Cisco switch aims to network quantum computers

Cisco switch aims to network quantum computers

Cisco has come up with  the Cisco Universal Quantum Switch, which claims to accept and translate between all major encoding modalities without destroying the quantum information in the process. M

The switch routes quantum information while preserving it at room temperature, on existing telecom fibre, with a Cisco-patented conversion engine that translates between encoding modalities at input and output.

“We’ve long recognized that connecting quantum systems is the key to achieving true scalability,” says Cisco svp Vijoy Pandey.

Today’s quantum computers operate at hundreds of qubits when real-world applications in healthcare, financial services, and aerospace will need millions.

 Cisco believes networking and connectivity are central to bridging that gap.

The quantum future will not be built by any one company or any one technology.

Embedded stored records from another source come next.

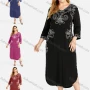 Wholesale Women's Casual V Neck 3/4 Sleeve Embroidered Dress preview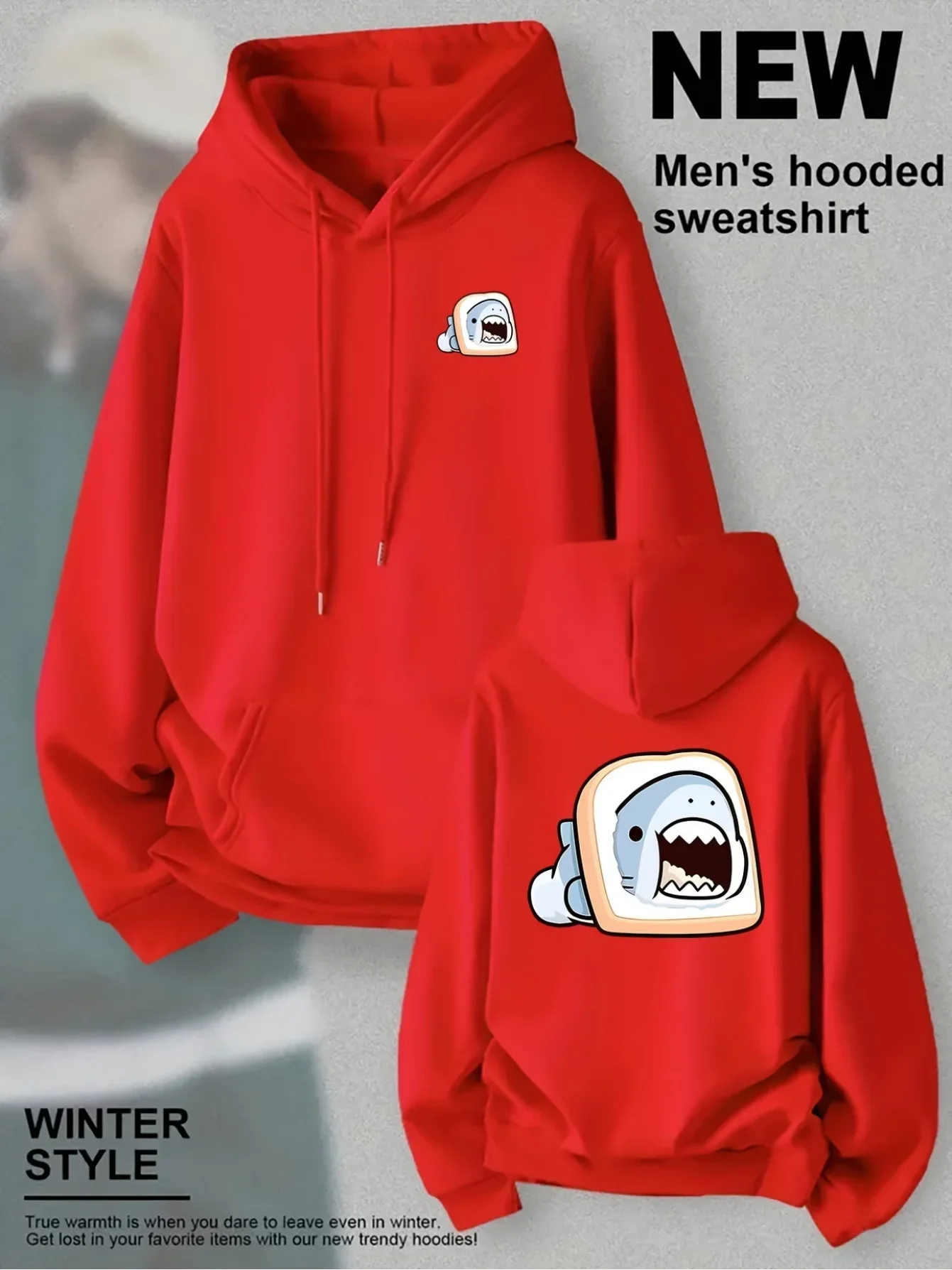 Cute Toast Shark Graphic Hoodie Cartoon Shark Inside Bread Slice Double Side Print Loose Casual Pullover Unisex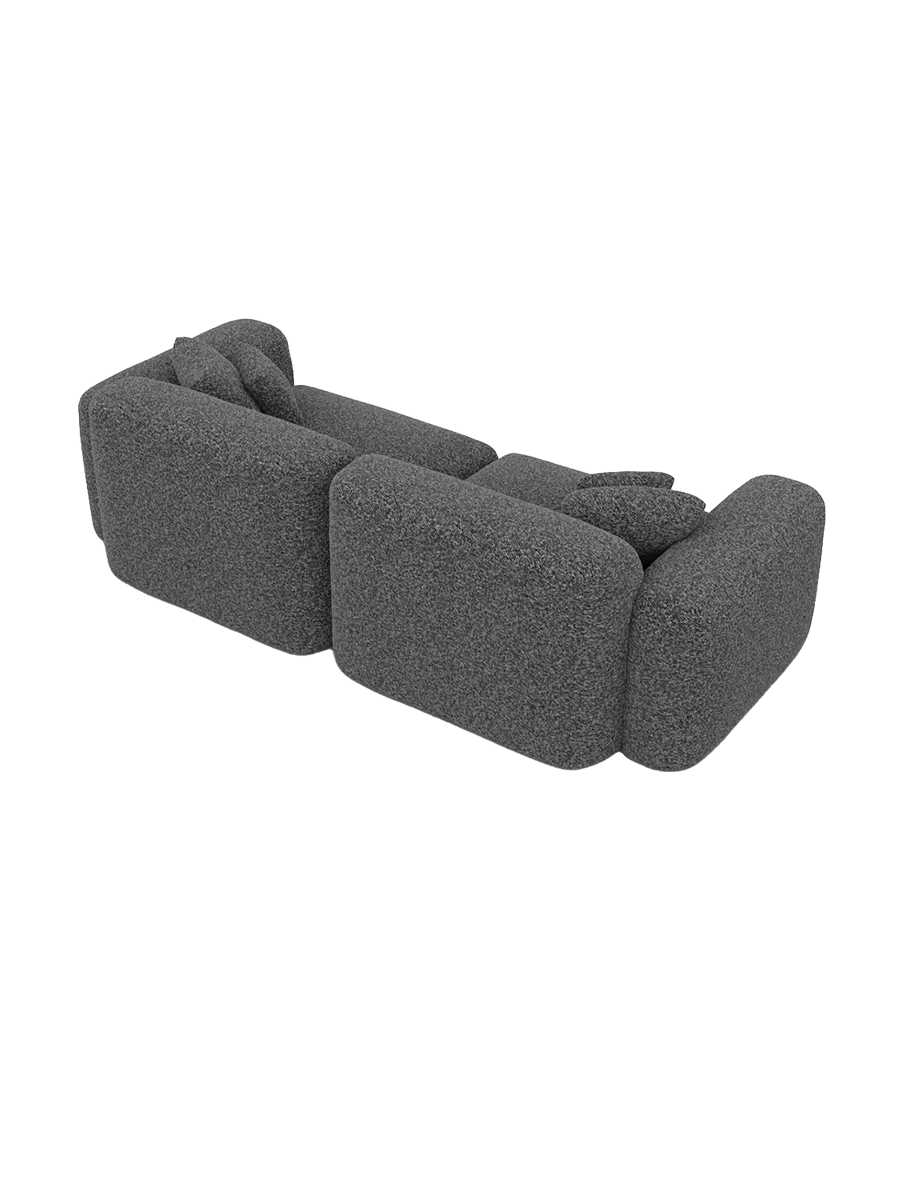
2-Sitzer Design Sofa „Aras“ mit Bouclé-Bezug - Bouclé Graphit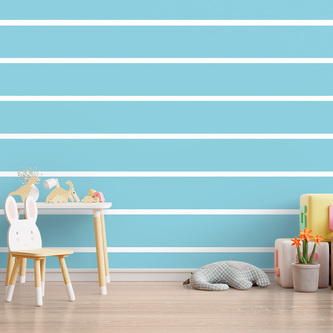 Tapeta Bílé pruhy na modré: 125x75 cm Tapeta Bílé pruhy na modré: 125x75 cm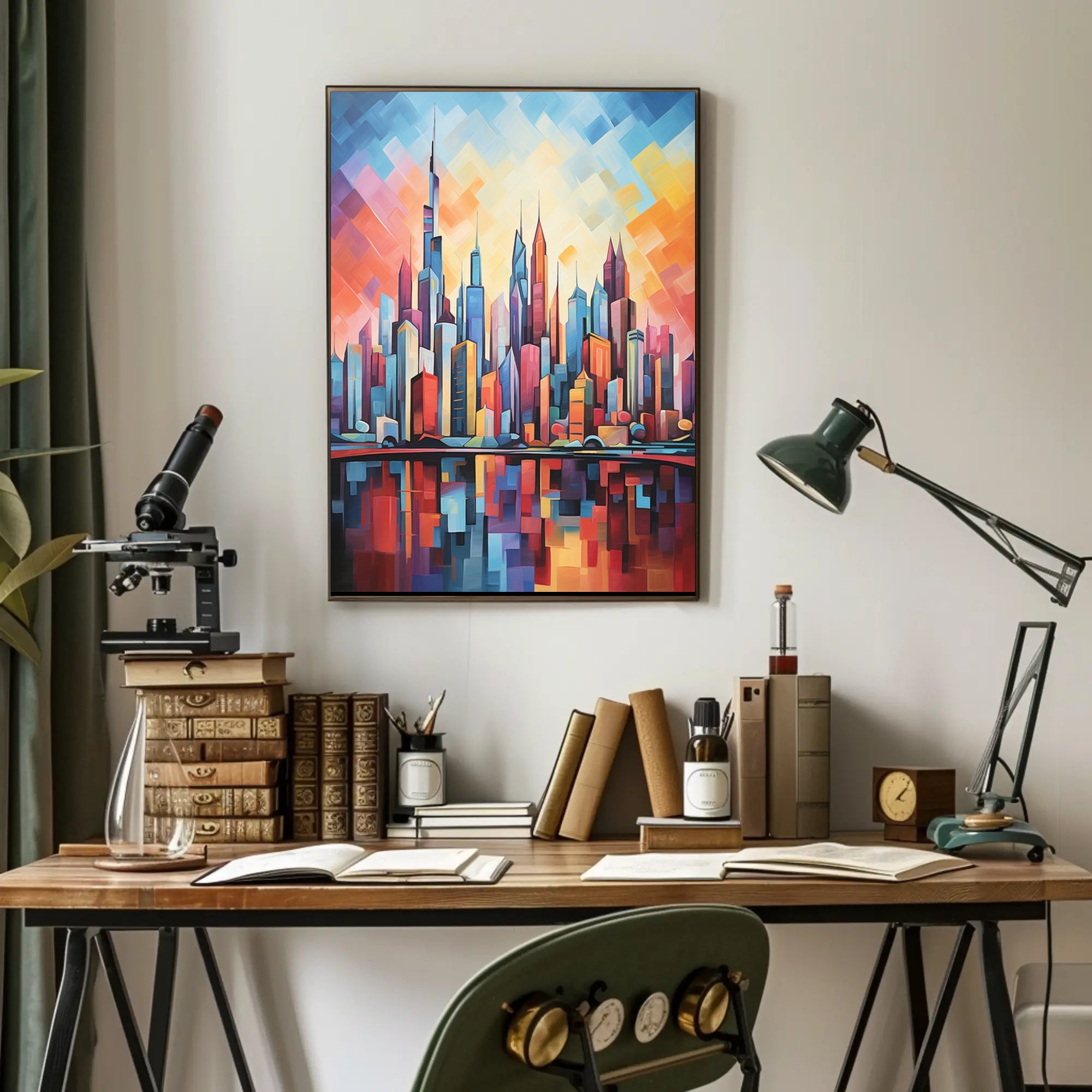Abstract Urban Sunrise over Modern Cityscape Poster PosterGoat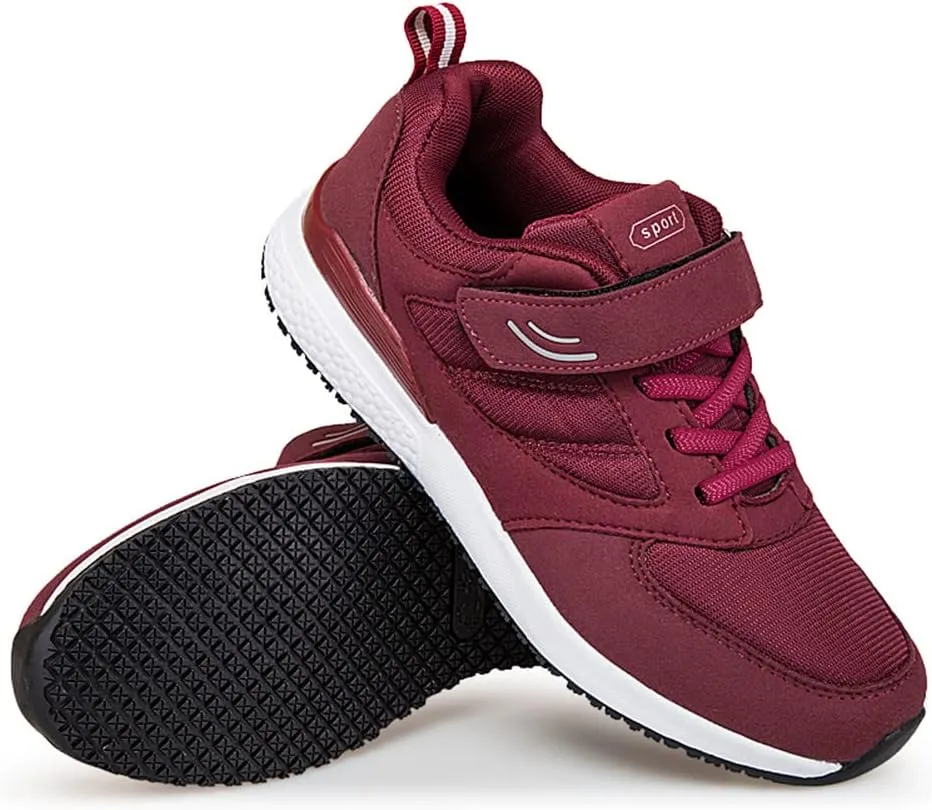 LEADER SHOW Women's Casual Walking Shoes Comfortable Non-Slip Lightweight Hook & Loop Sneakers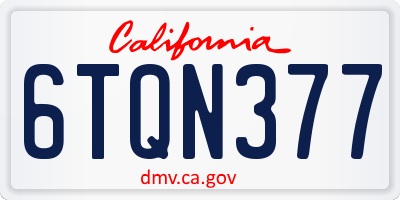 CA license plate 6TQN377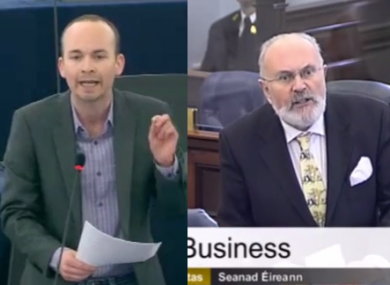 MEP Paul Murphy in EU parliament yesterday; Senator David Norris in Seanad today.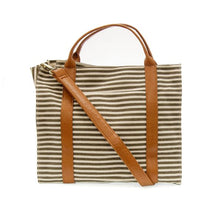 Load image into Gallery viewer, Toni Large Canvas Tote - Neutral + White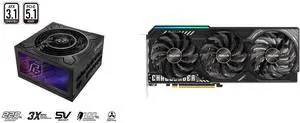 ASRock Phantom Gaming PG-850G 850W 80 PLUS GOLD & Cybenetics PLATINUM Full Modular Power Supply, ATX3.1 & PCIe5.1 Ready with Dual Color 12V-2x6 Cable, 10 Years Warranty ASRock Challenger Radeon RX 9070 XT 16GB GDDR6 PCI Express 5.0 x16 Grap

It will be built by connecting them all.

This is made possible by a Cisco-patented conversion engine at the heart of the quantum switch. The output modality can match the input or be an entirely different one, enabling the quantum switch to connect and translate between quantum systems that were never designed to talk to each other, a critical capability for building quantum networks that work across different vendors and technologies.

The quantum switch is designed to support all major quantum encoding modalities used to carry information:

  • Polarization (the orientation of light waves)
  • Time-Bin (the timing of light pulses)
  • Frequency-Bin (the color or frequency of light)
  • Path (the physical or spatial path)

To date, the quantum switch has been experimentally validated with polarization encoding. 

Support for time-bin and frequency-bin is built into the design and represents the next step in Cisco’s ongoing validation process.

The Cisco Universal Quantum Switch was tested by Cisco researchers using Cisco’s own entanglement source and single-photon detectors. 

In these experiments, the switch demonstrated that quantum information can be routed and converted across systems quickly, accurately, and efficiently, without destroying it in the process.